PROBLEM: For every record that follows, transcribe the text exactly and leave any image out.

# # #

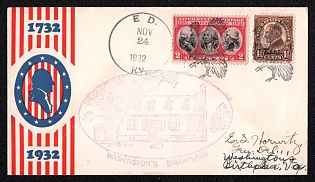 1932 (24 Nov) United States, Cover '200th Anniversary of the Birth of George Washington, the First President of the United States of America' from Reed (USA) to Washington’s Birthplace (USA), franked with 1 1/2c with overprint 'Kans' and 2c, with violet 'Washington's Birthplace' Handstamp and with black 'Turkey' Handstamp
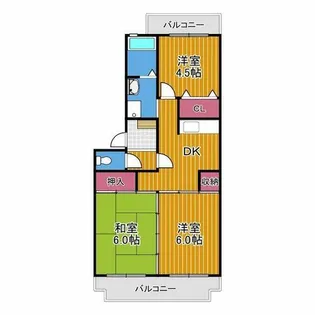 ヴィラ仲谷向陽台【2階】の間取り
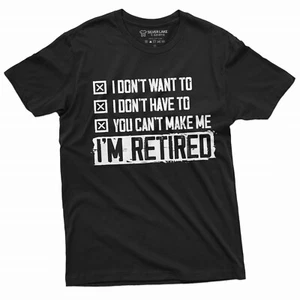 Retirement T-shirt Mens Retired Dad Mom Grandpa Grandma Shirt Funny Gift Tee - Picture 1 of 8
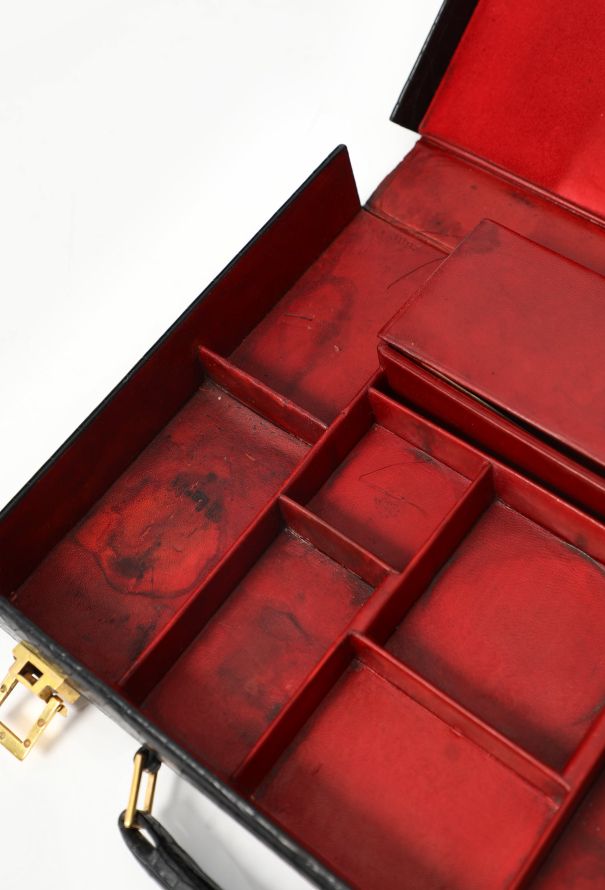 Hermès Rare '50s Black Porosus Toiletry Travel Case - 16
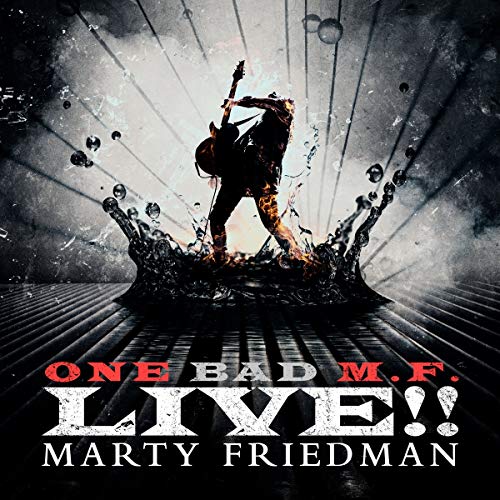 "Album cover with a silhouette of a man playing guitar amidst a splash."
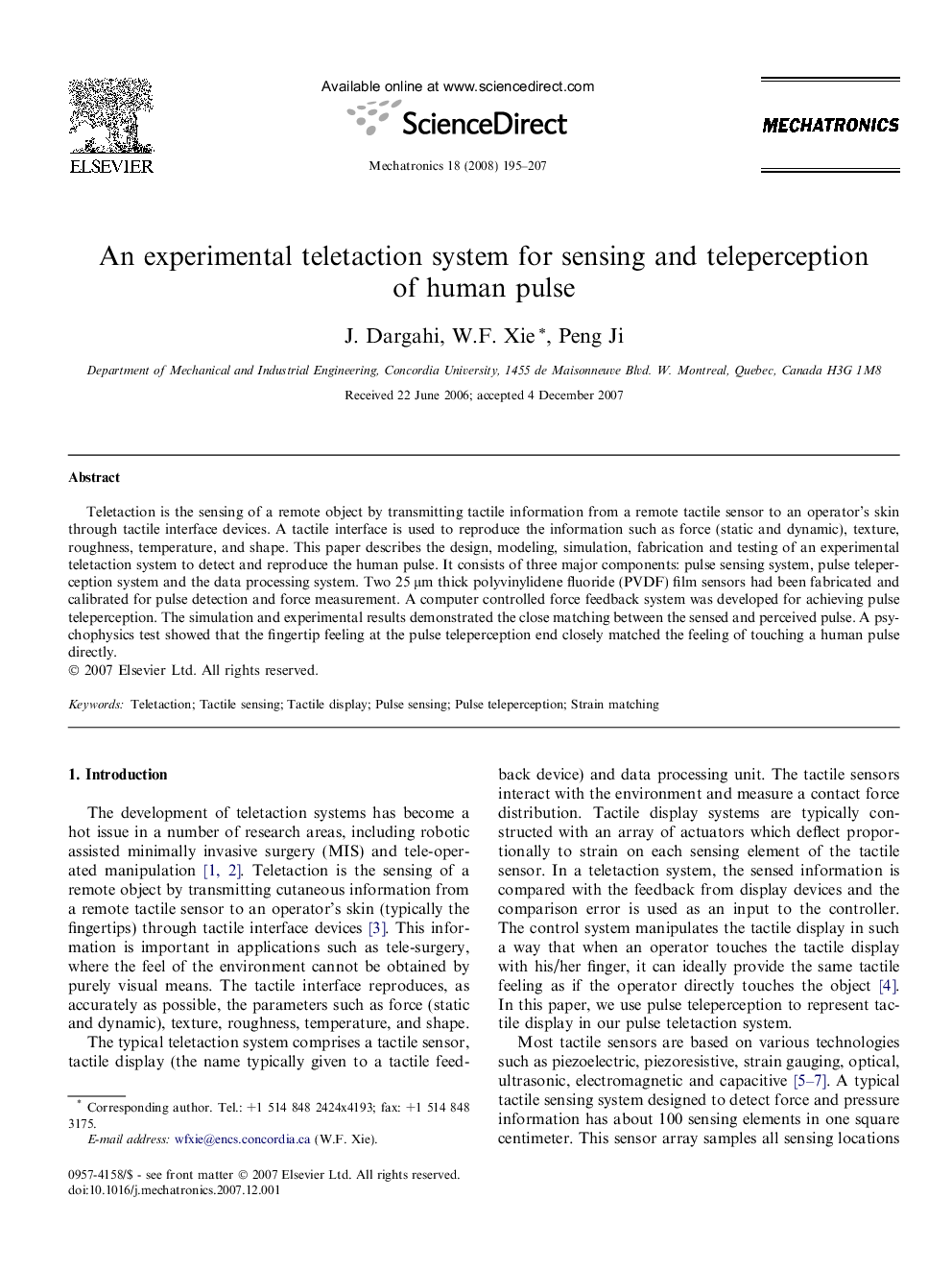 An experimental teletaction system for sensing and teleperception of human pulse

# # #

SOLUTION:
 1932 (24 Nov) United States, Cover '200th Anniversary of the Birth of George Washington, the First President of the United States of America' from Reed (USA) to Washington’s Birthplace (USA), franked with 1 1/2c with overprint 'Kans' and 2c, with violet 'Washington's Birthplace' Handstamp and with black 'Turkey' Handstamp
 ヴィラ仲谷向陽台【2階】の間取り
 Retirement T-shirt Mens Retired Dad Mom Grandpa Grandma Shirt Funny Gift Tee - Picture 1 of 8
 Hermès Rare '50s Black Porosus Toiletry Travel Case - 16
 "Album cover with a silhouette of a man playing guitar amidst a splash."
 An experimental teletaction system for sensing and teleperception of human pulse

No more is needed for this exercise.